Work instruction: Drop all images. Then write out each line below exactly as given.

Data extract:
^^^^^^^^^^^^^^^^

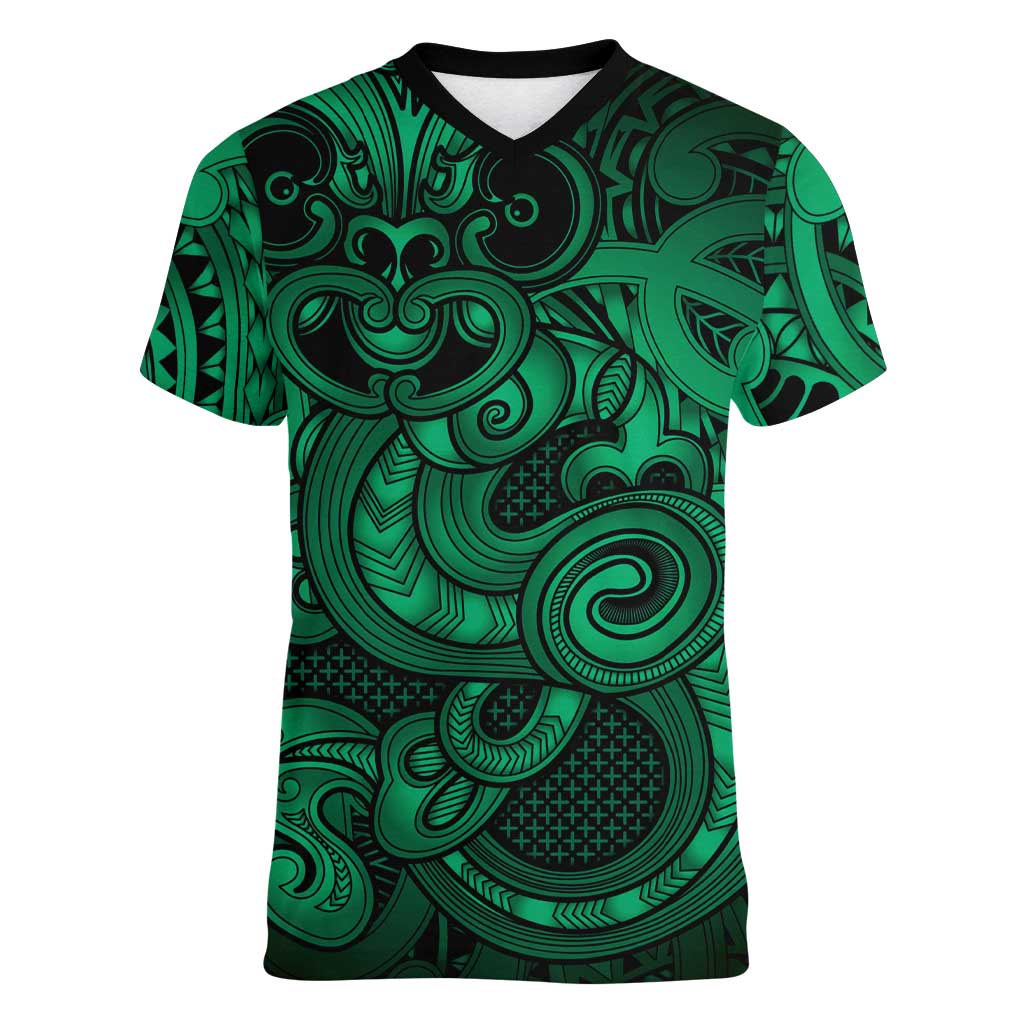 Aotearoa Maori Hei Tiki Women V-Neck T-Shirt Kakariki Kowhaiwhai Puhoro Motif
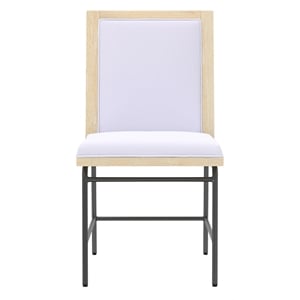 Pemberly Row Set of 2 Metal Side Dining Chairs in Natural Driftwood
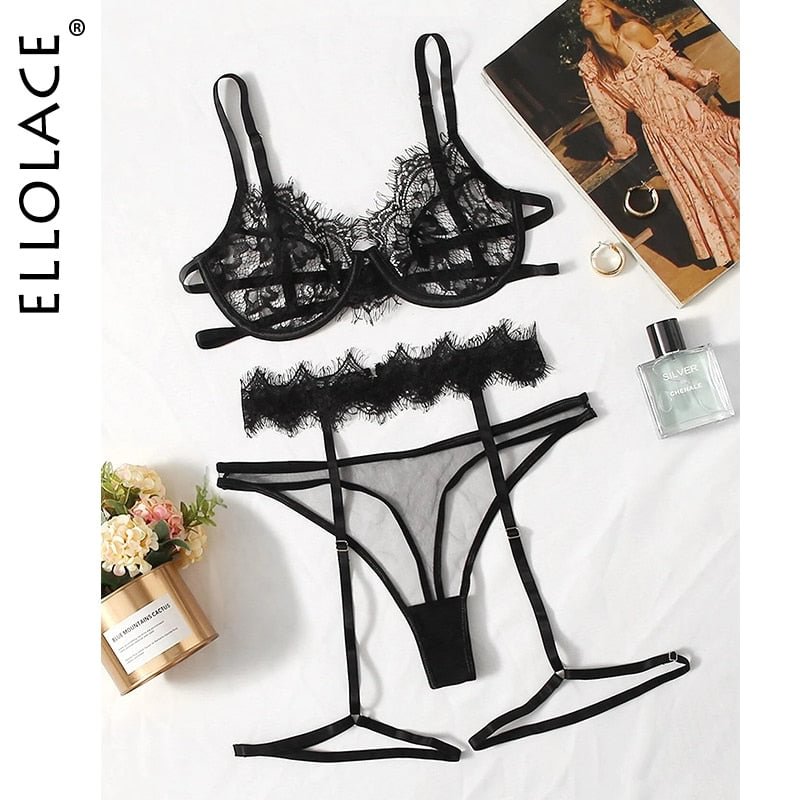 Ellolace Sensual Lingerie Sexy 3-Piece Black Lace Transparent Erotic Brief Sets With Garters Langerie Underwear Bilizna Set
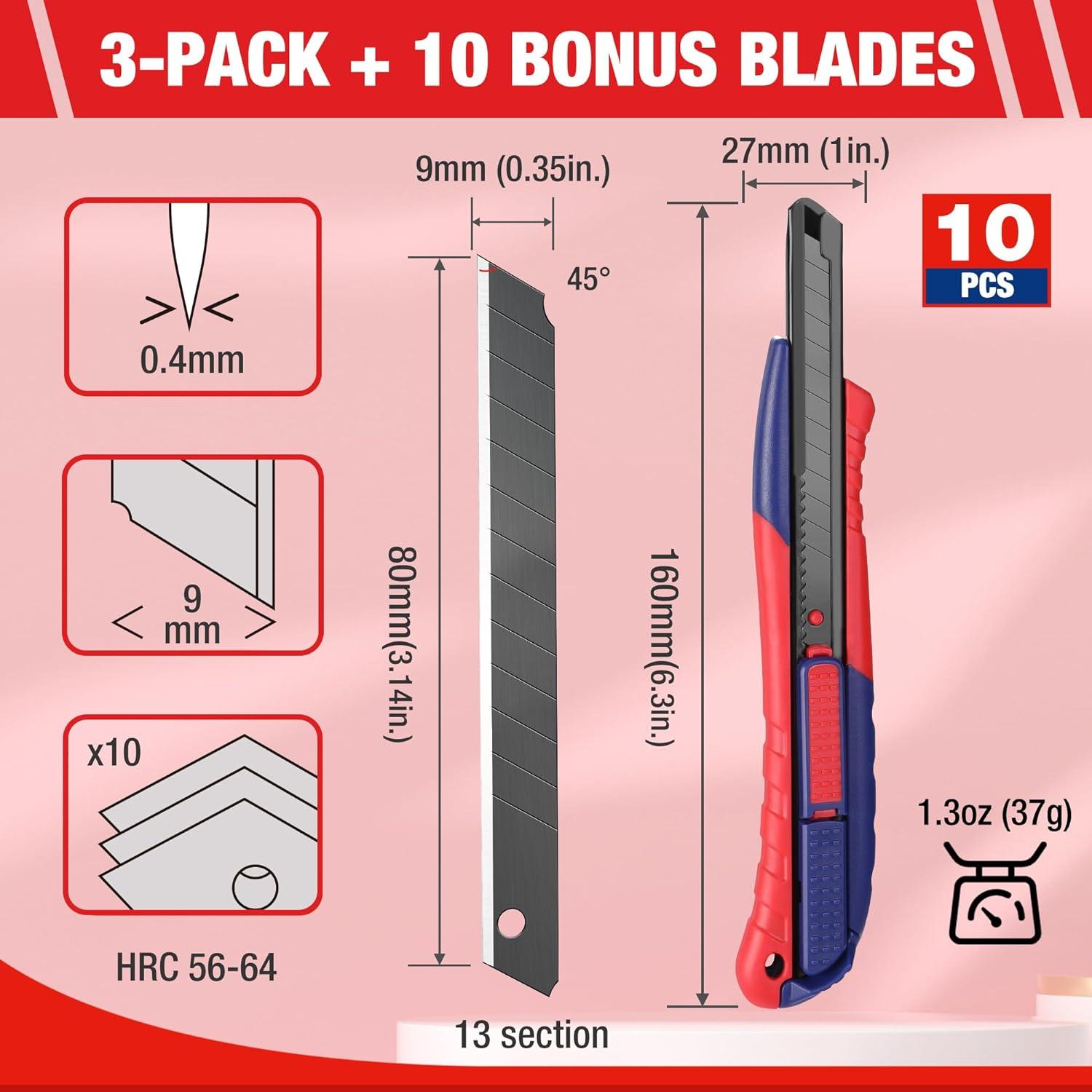 WORKPRO 3 Stück Cuttermesser Set 9mm mit 10 SK5 Ersatzklingen, 2-in-1 Profi Kartonmesser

^^^^^^^^^^^^^^^^

Solved problem:
 Aotearoa Maori Hei Tiki Women V-Neck T-Shirt Kakariki Kowhaiwhai Puhoro Motif
 Pemberly Row Set of 2 Metal Side Dining Chairs in Natural Driftwood
 Ellolace Sensual Lingerie Sexy 3-Piece Black Lace Transparent Erotic Brief Sets With Garters Langerie Underwear Bilizna Set
 WORKPRO 3 Stück Cuttermesser Set 9mm mit 10 SK5 Ersatzklingen, 2-in-1 Profi Kartonmesser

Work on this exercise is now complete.